━━ Extracted entries

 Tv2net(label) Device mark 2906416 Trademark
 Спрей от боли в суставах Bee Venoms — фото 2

━━━━
━━ Extracted entries

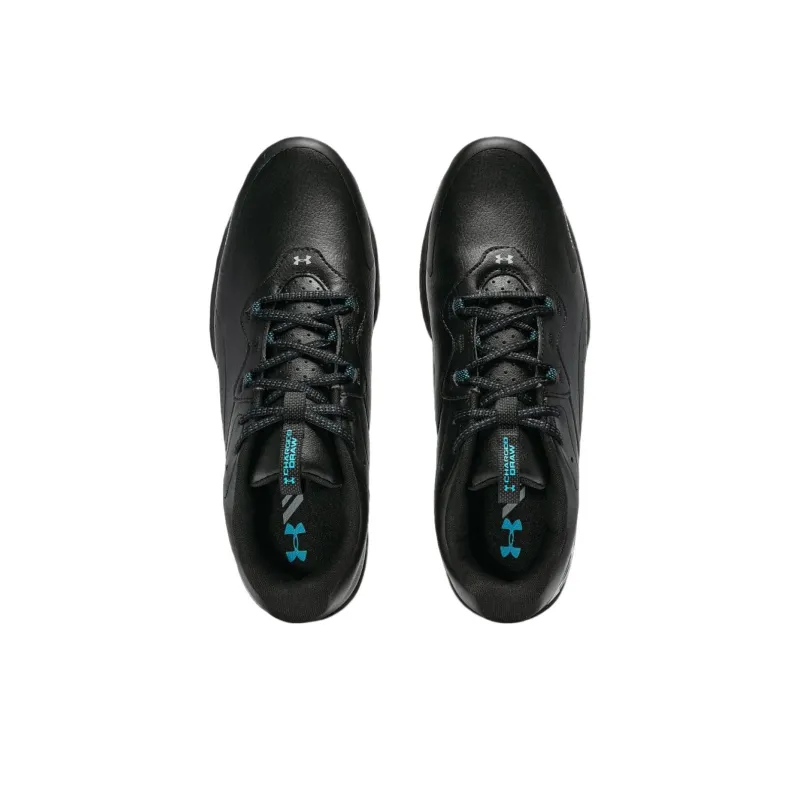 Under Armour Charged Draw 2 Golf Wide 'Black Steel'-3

━━━━

__What you have to do__. Restate word for word the lines of the data above, starting at the line containing "Tv2net(label) Device mark 2906416 Trademark" and ending at the line containing "Спрей от боли в суставах Bee Venoms — фото 2", both included, and nothing more.

__Exercise output__.
 Tv2net(label) Device mark 2906416 Trademark
 Спрей от боли в суставах Bee Venoms — фото 2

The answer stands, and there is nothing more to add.